Le vert tendre du blé commence à tapisser la parcelle de Saint-Maclou-de-Folleville (Seine-Maritime). Loïc Thillard a l’œil sur les premières levées. Dans le champ, pas de simple culture, mais un terrain d’observation pour ce technicien d’expérimentation chez Natup. Depuis cinq ans, la ferme innovante du hameau d’Ordemare est devenue un lieu d’expérimentation agroécologique. « L’expression qu’on utilise, c’est celle de vitrine de la transition agroécologique », sourit l’agronome de formation.
Un observatoire à ciel ouvert
Le site consacre l’ensemble de ses 18 hectares aux tests de nouvelles pratiques culturales visant à promouvoir une agriculture plus durable. « On travaille ce qu’on appelle en essais système. Le but, c’est, à l’échelle de l’année, de réaliser toutes les actions qu’un agriculteur effectuerait sur sa culture », décrit l’expérimentateur.
Avant d’être intégrés à la ferme, les produits et variétés font en effet généralement l’objet de tests préalables en micro-parcelles, où un seul paramètre est modifié à la fois. « Un désherbant, un fongicide (un produit phytosanitaire contre les champignons) ou une variété, par exemple… Nous, on combine tous ces éléments sur un cycle complet afin que ce soit représentatif de la pratique des agriculteurs », développe ce dernier.
Blé, orge, maïs, betterave, colza et lin : chacune des neuf parcelles est cultivée avec différentes semences représentatives du secteur, au fil des ans.
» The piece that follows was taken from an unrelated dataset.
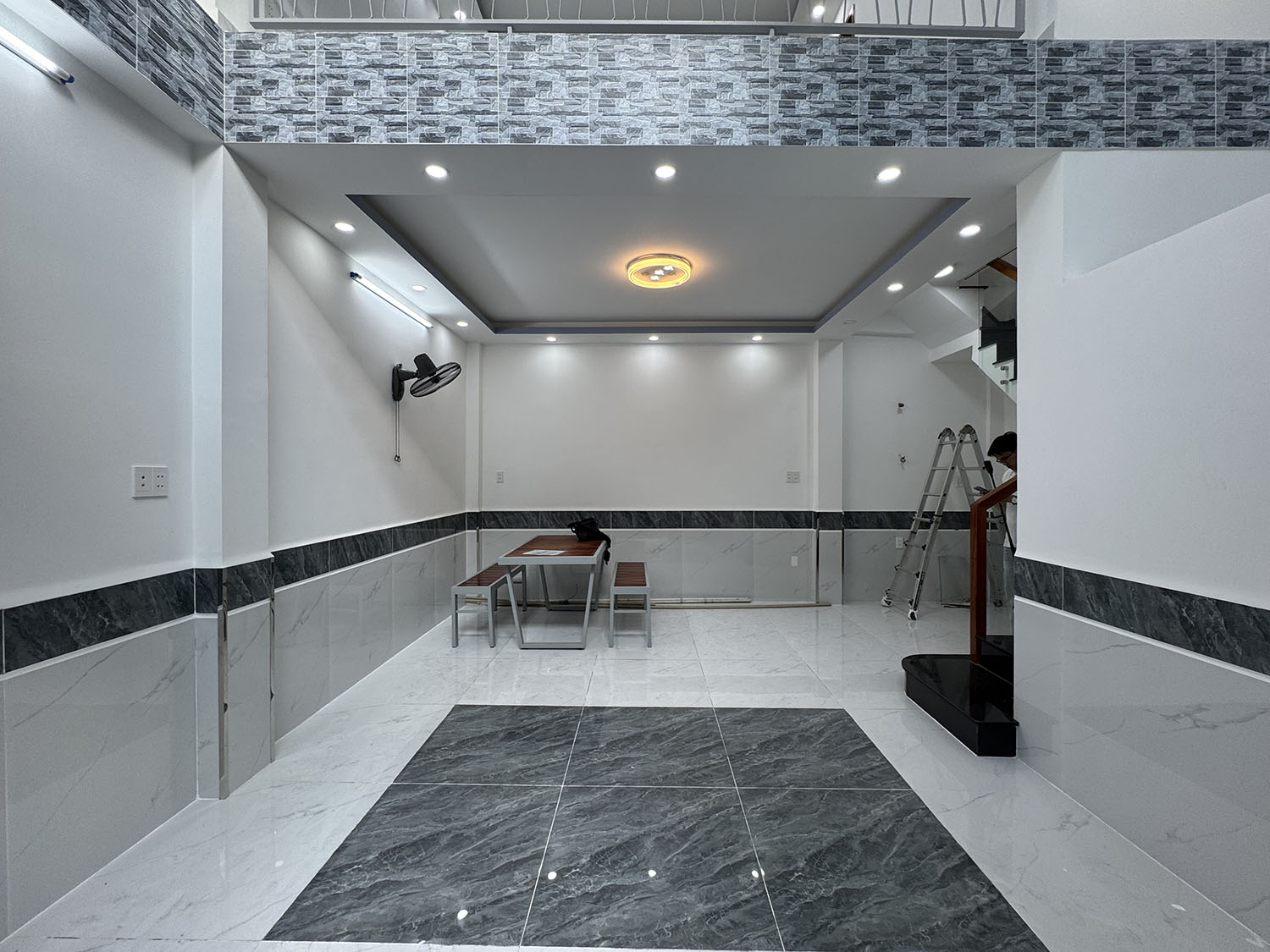 Tuyệt phẩm biệt thự mini 3 lầu, góc 2 mặt tiền hẻm 2 xe hơi 7 chỗ tránh nhau khu VIP Đặng Văn Ngữ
De la préparation du sol jusqu’à la récolte, ces parcelles sont divisées en trois itinéraires distincts.
Le premier, conventionnel, sert de témoin de référence ; le deuxième vise une réduction de 50 % des traitements chimiques ; le troisième cherche à les supprimer totalement, en s’appuyant sur d’autres leviers : utiliser des biostimulants, des produits organiques, changer la variété de la culture ou décaler la date de semis, par exemple.
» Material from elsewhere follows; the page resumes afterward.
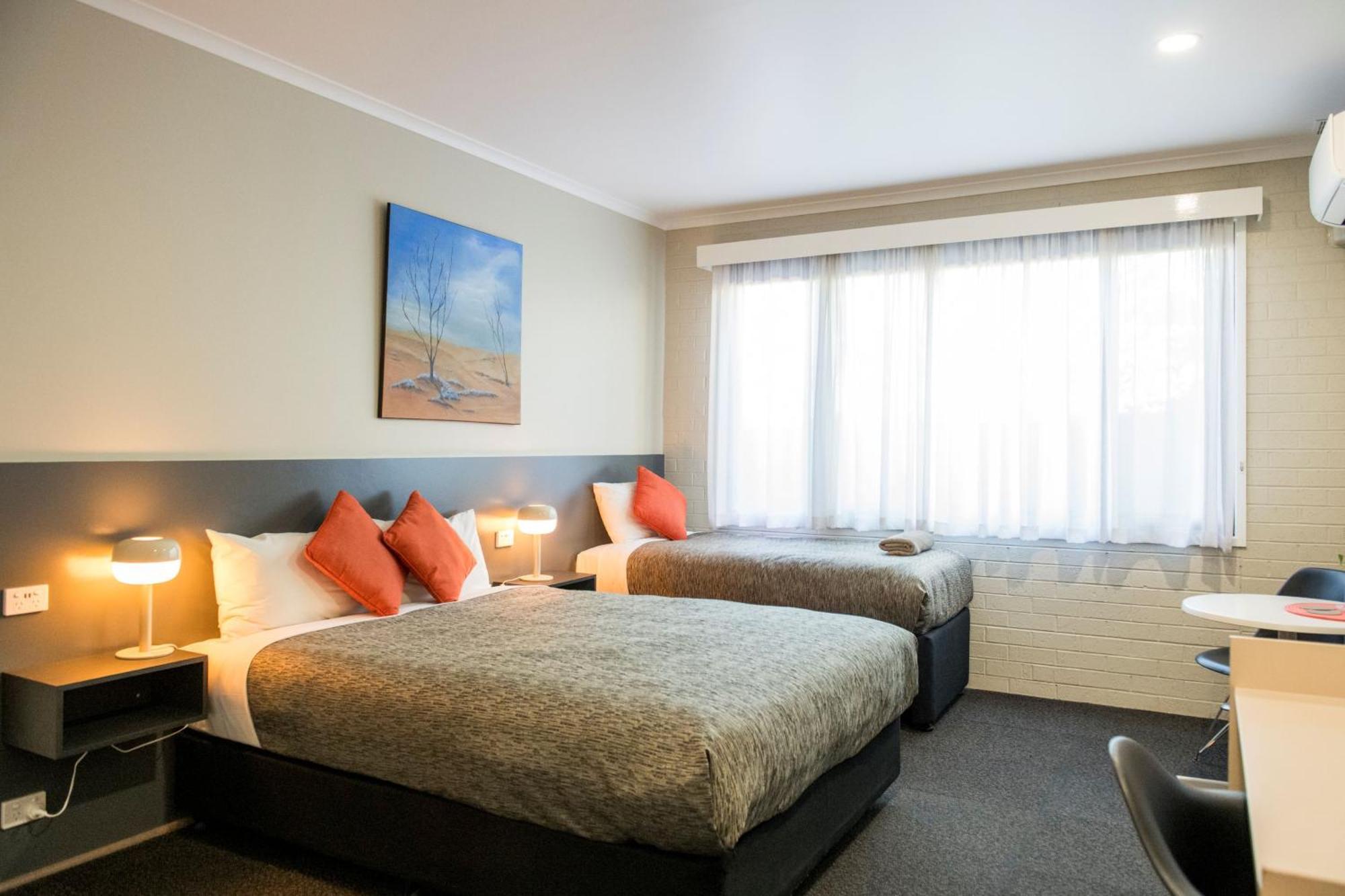 Central Deborah Motel Бендиго Экстерьер фото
« Un agriculteur qui va vouloir diminuer ses intrants va réfléchir à tout un tas de variables, dont la variété, par exemple », illustre le salarié de la coopérative.
Les résultats sont ensuite comparés.
Ce protocole, imaginé en amont avec les techniciens innovation de la coopérative, permet d’observer l’évolution des sols et des rendements dans la durée, à l’échelle d’une rotation de neuf ans.
« On fait un peu le même métier que l’agriculteur. Il faut suivre la protection des plantes tout au long de la campagne, du semis à la récolte. C’est beaucoup de suivi visuel », assure celui qui peut passer ses matinées à appliquer des produits dans les champs.
Assurer une production
Loïc Thillard doit également réaliser toute une série de notations, de prélèvements, d’analyses statistiques et de synthèses des résultats.
« Le but, ce n’est pas de dire tel ou tel itinéraire est le meilleur, mais de comprendre pourquoi il l’est, insiste ce dernier. On regarde le rendement global, mais surtout sa performance technico-économique. On a besoin d’assurer une production. »
L’expérimentation entre dans une phase cruciale avec l’approche de sa deuxième récolte, après trois années de transition. « L’an dernier, c’était la première fois qu’on récoltait trois itinéraires par parcelle, contextualise celui-ci. Il n’y a pas encore de grande différence. Petit à petit, l’écart se creusera, et on pourra mieux parler de nos résultats. »

L’objectif est de partager les avancées avec les agriculteurs adhérents et, à terme, d’organiser des visites, permettant ainsi aux professionnels, souvent plus ou moins avancés dans la réduction de leur dépendance à la chimie, de se repérer par rapport à leurs propres pratiques.
« L’idée n’est pas d’arrêter tout et de ne rien faire, c’est de tout mettre en place pour accompagner la baisse. Les agriculteurs vont être plus ou moins contraints de faire une transition vers des pratiques plus durables. Ils ne s’en rendent pas forcément compte, mais on est déjà dedans », conclut le professionnel.
Les premiers agriculteurs visiteront la ferme fin mai-début juin, juste avant la moisson. Ils seront en petit groupe, pour profiter d’explications.